One possible and probably the one which requires the least tweaking of the current setup would be something along the lines of DPSK (Differential Phase Shift Keyring).  This way of encoding information (for analog signals) would be transmitting the change in voltage using a phase shift of the carrier to determine the change in output voltage from the last sample.

However, because the data I am attempting to transmit is digital, I will directly transmit the change in voltage using an integer.  Due to the small range of deviation in the following scheme a high or even higher baud rate will be required.  This is because we are only able to transmit 3 bit (up to 8) changes.  A probable methodology will be as follows.

  1. Transmit the starting data (full 10 bits) using the scheme provided before
  2. Transmit the change in integer in the next serial transmission.  One possible way to code the change will be in 1 byte, 4 bits for channel A and 4 bits for channel B.  In order to discern which 4 bits are for A/B, the MSB and the 5th bit will determine the channel.  1 being A and 0 being B
  3. Every X transmissions reset and transmit a full 10 bit set of data again

If the receiver were also allowed to transmit data back to the transmitter, it would be possible to only reset the transmission only when required.  This means a new set of data would only need to be sent after data has been disrupted.

Implementing the idea above will mostly likely allow the max discernible frequency of data to be around 10kHz and maybe if optimized well reach a desirable 15kHz.

(8)Arduino IDE+Due/Uno->Audio: Bit Manipulation

Following the revelation discussed in the previous post, this meant I had to figure out the maximum baud rate which can be used with the code required to process, send, and receive data.  After discussing with a few individuals I decided that direct bit manipulation of the memory allocated to variables would be the most efficient.

This is because when the compiler converts high level code into in assembly code bit operations such as AND and NOT can be done in a single line.  Contrary to direct bit manipulation things such as if, while, and for require an extensive amount of code to execute.

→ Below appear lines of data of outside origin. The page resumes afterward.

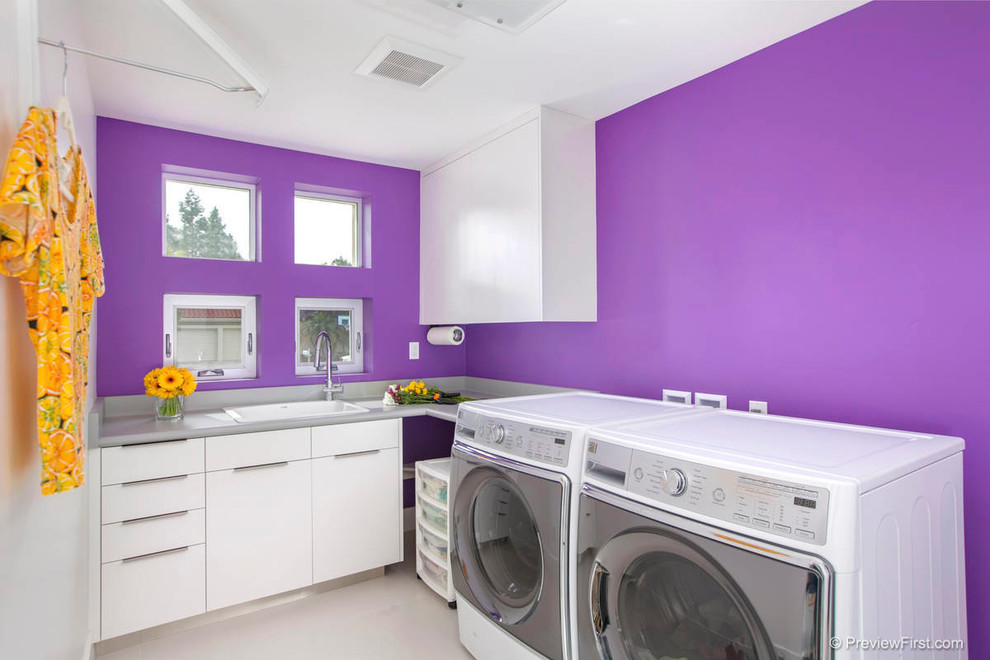 Photo of a large contemporary l-shaped dedicated laundry room in San Diego with a drop-in sink, flat-panel cabinets, white cabinets and purple walls.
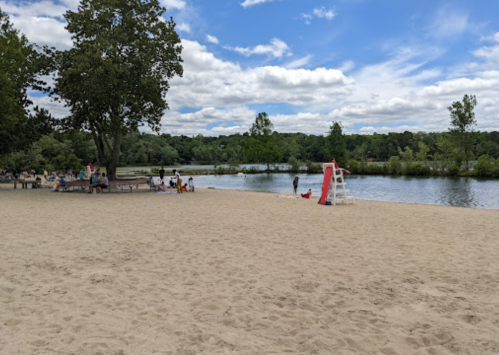 A sandy beach by a calm river, with people relaxing and a lifeguard chair in the foreground under a partly cloudy sky.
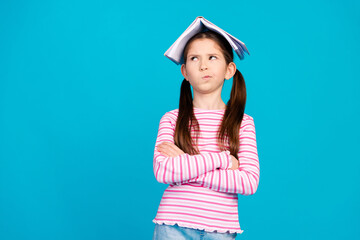 Poster - Photo of minded small girl dressed striped shirt holding book on head arms crossed look empty space isolated on blue color background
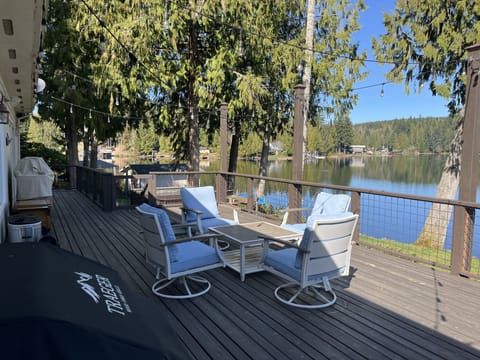 Deck off house close to kitchen, can sit and relax here all day. 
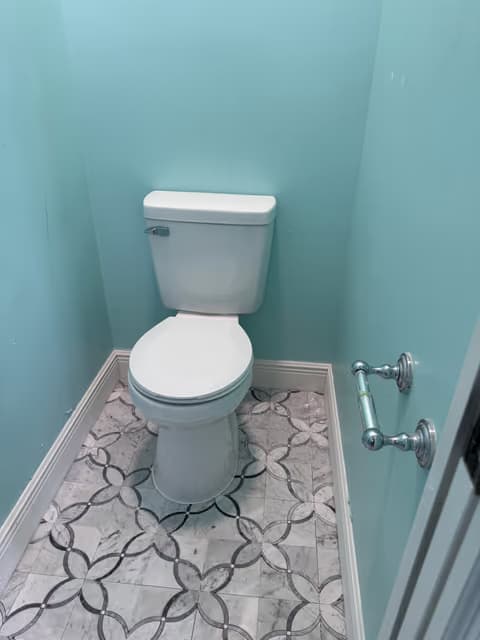 Baño pequeño con un nuevo inodoro, piso de azulejo estampado y paredes color turquesa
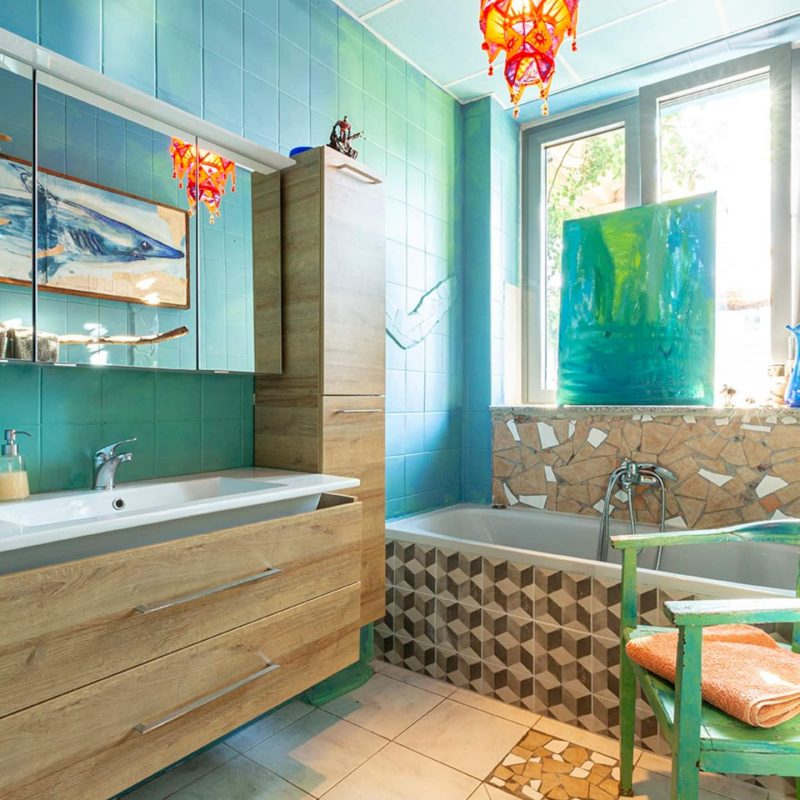 Kleines Badezimmer mit Badewanne und Duschmöglichkeit. Toilette und Pissoir befinden sich in einem separaten Raum direkt gegenüber.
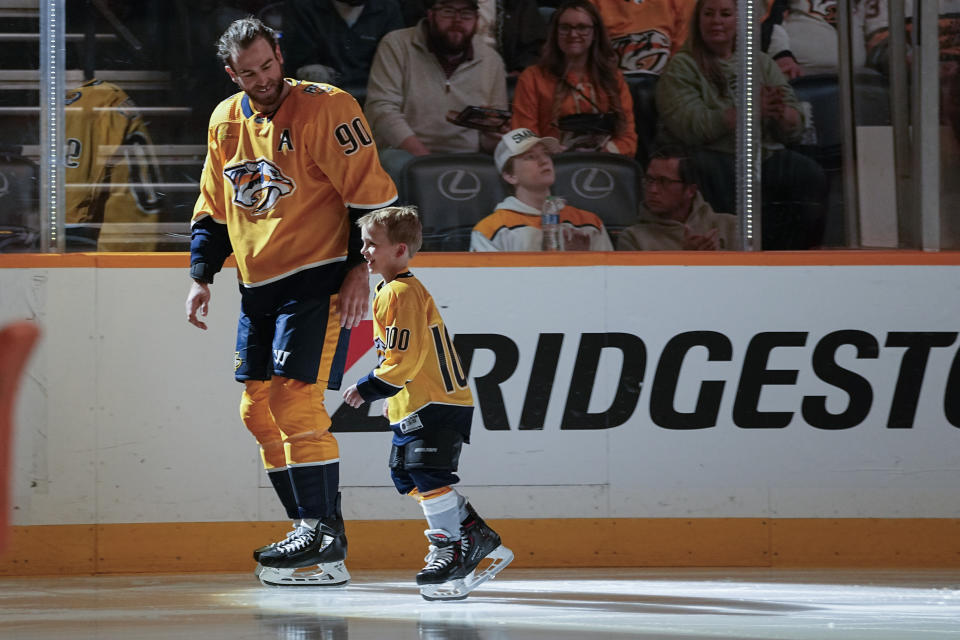 Nashville Predators center Ryan O'Reilly (90) skates with his son, Jameson, before NHL hockey game against the Arizona Coyotes, Saturday, Nov. 11, 2023, in Nashville, Tenn. O'Reilly celebrated his 1,000th game in the league. (AP Photo/George Walker IV)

For example.  Turning R1=128 into R1=512 would only require one line of code.

ADD R1, R1, R2 where R2 is a bitmask.

However a simple for loop to add 128 to itself until 512 is reached could look something like the following.

for(i=0; i<n ; i++){
x=x+x;
}
ADD R1, R1, R1 ;add R1 to itself
ADD R2, R2, -1 ;decrement counter
BRz R2 #R2 contains a counter

But how do I encode data I read into such a form in which it can be easily transmitted and understood?  Recalling that the data read from an Analog In port on an Arduino meausres a value from 0~1023 (10 bit) and that serial transmission transmits 1 byte words, I can turn a 10 bit word into two 5 bit words with a 3 bit header which marks where the data came from.

bool interruptCtr = true;

void setup(){
Serial.begin(5200000);
Serial2.begin(5200000);
}unsigned int in_A=0;
unsigned int in_B=0;
uint8_t A_1=0;
uint8_t A_2=0;
uint8_t B_1=0;
uint8_t B_2=0;

void loop(){
if( interruptCtr++ >= 1 ){//check whether to interrupt
interruptCtr = 1;//update interrupt value

//parse 0-1023 (10 bit) into 2 five bit words
//serial transmit transmits with 8 bit words
//split each 10 bit word into 2 bytes with 3 bit headers
//if from chA mark in[0-2] with 1
//if from chB mark in[0-2] with 0
//use integer comparison to determine the ch.
//if in>=2^7+2^6+2^5 (224) then it must be from chA
//chA has 111xxxxx or 110xxxxx in[2]=1 first 5 bit in[2]=0 second 5 bit
//chB has 001xxxxx or 000xxxxx

in_A=analogRead(7);
//save 1st five bits in A1/B1
A_1=(in_A>>5)|224;//xxxxxyyyyy->00000xxxxx
//00000xxxxx|0011100000->00111xxxxx
Serial2.write(A_1);

A_2=(in_A&31)|192;//xxxxxyyyyy&0000011111->00000yyyyy
//00000yyyyy|0011000000->00110yyyyy
Serial2.write(A_2);

in_B=analogRead(8);

B_1=(in_B>>5)|32;//xxxxxyyyyy->00000xxxxx
//00000xxxxx|0011100000->00111xxxxx
Serial2.write(B_1);

B_2=in_B&31;//xxxxxyyyyy&0000011111->00000yyyyy
//00000yyyyy|0011000000->00110yyyyy
Serial2.write(B_2);
}
}

 

The code above for the transmitter will read from two ports, split each port’s data into two 5 bit words and mark the header with 111 for first part of port A 110 for second part of port A and 001 for first part of port B and 000 for second part of port B.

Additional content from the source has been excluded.